§ **Given material**:
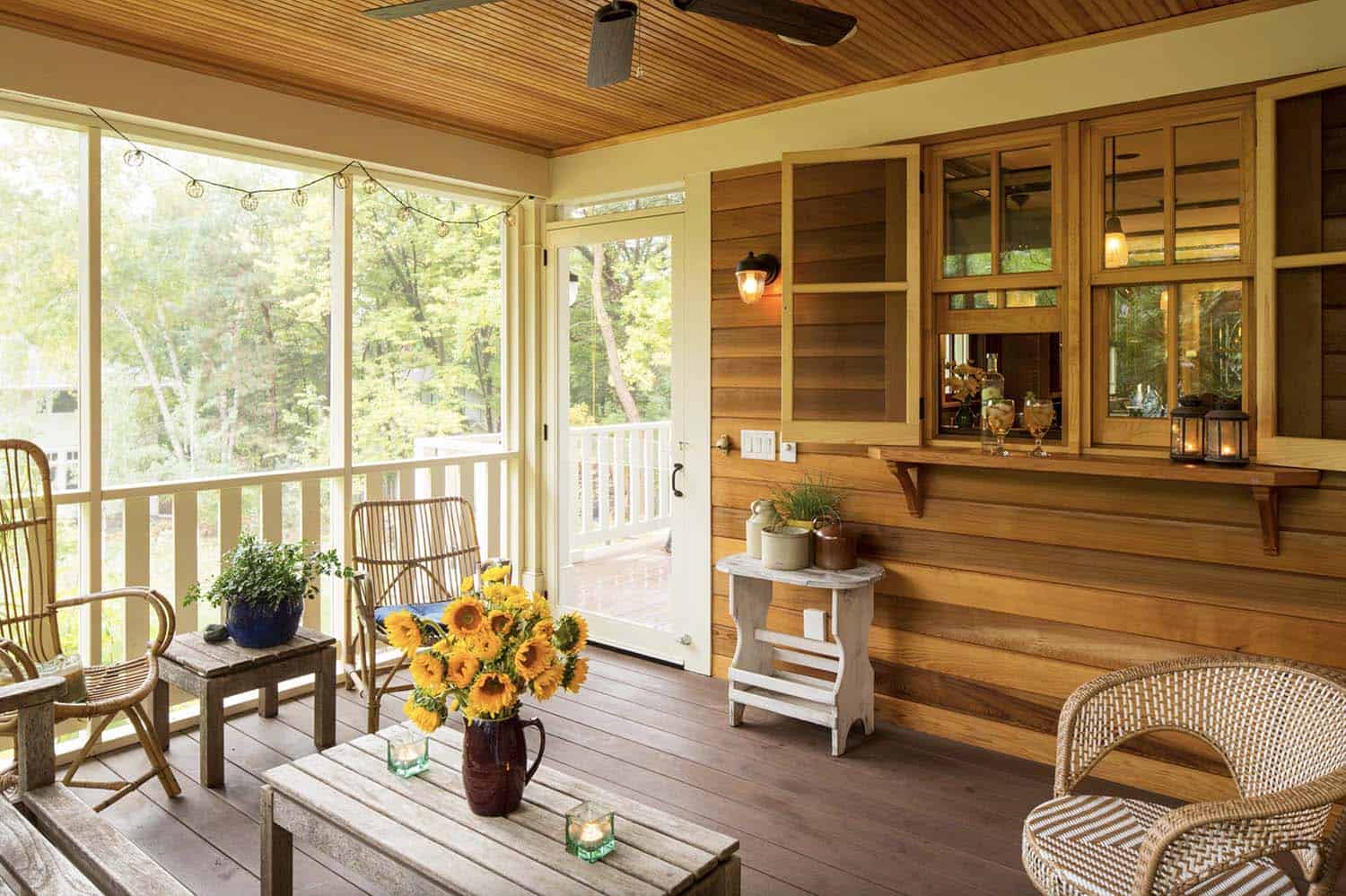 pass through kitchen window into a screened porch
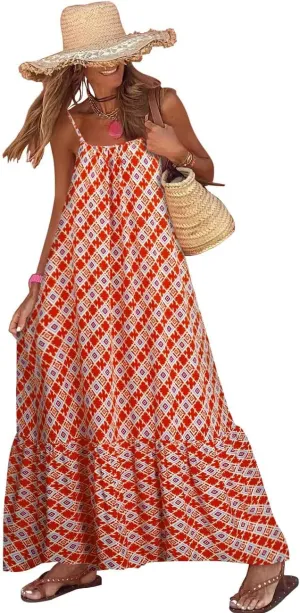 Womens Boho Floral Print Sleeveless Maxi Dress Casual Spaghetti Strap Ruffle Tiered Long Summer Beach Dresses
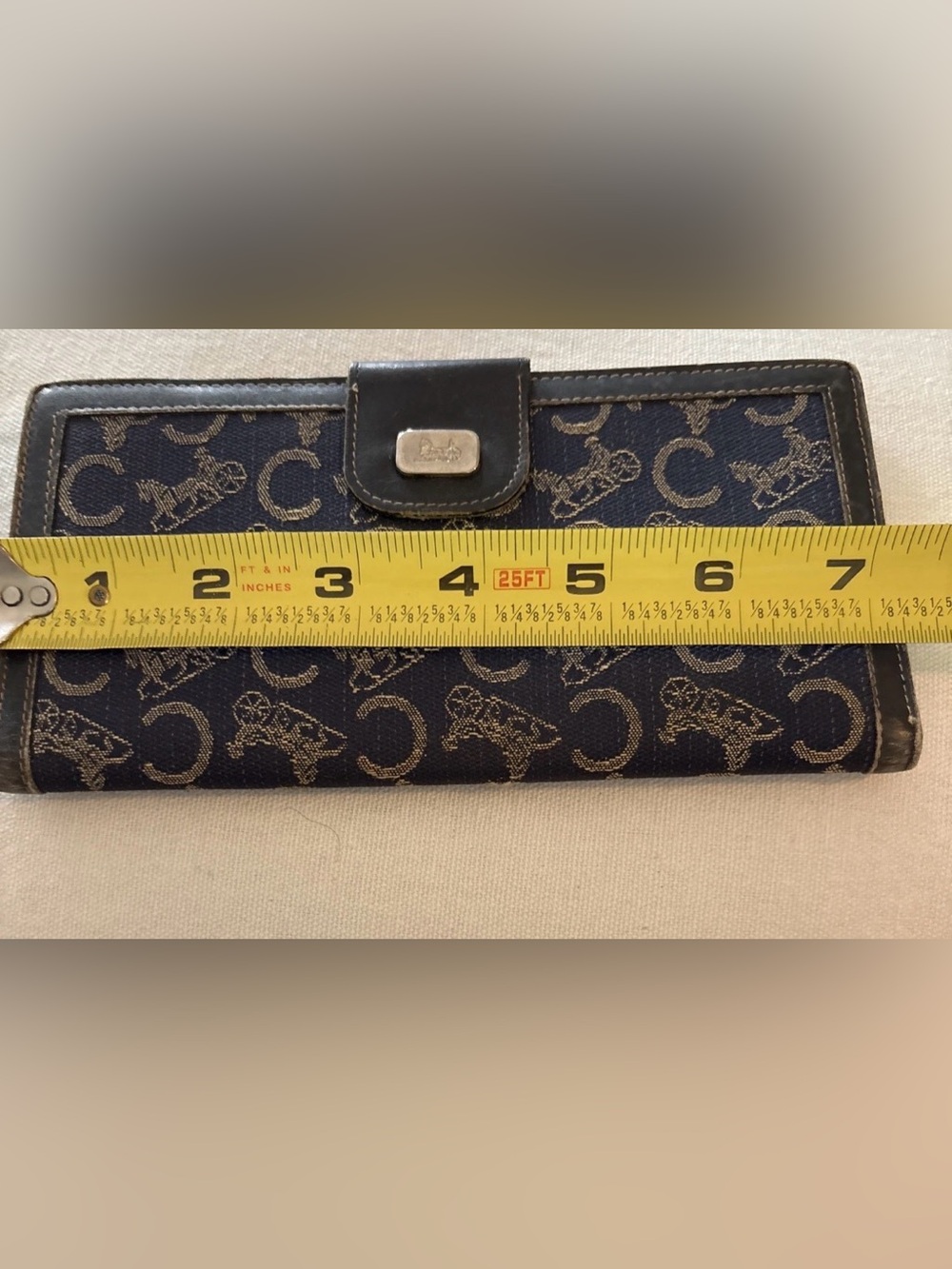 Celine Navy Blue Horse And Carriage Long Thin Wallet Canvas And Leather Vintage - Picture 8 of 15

§ **What the task requires**: Repeat the listing word for word, omitting the pictures.

§ **Response to this exercise**:
 pass through kitchen window into a screened porch
 Womens Boho Floral Print Sleeveless Maxi Dress Casual Spaghetti Strap Ruffle Tiered Long Summer Beach Dresses
 Celine Navy Blue Horse And Carriage Long Thin Wallet Canvas And Leather Vintage - Picture 8 of 15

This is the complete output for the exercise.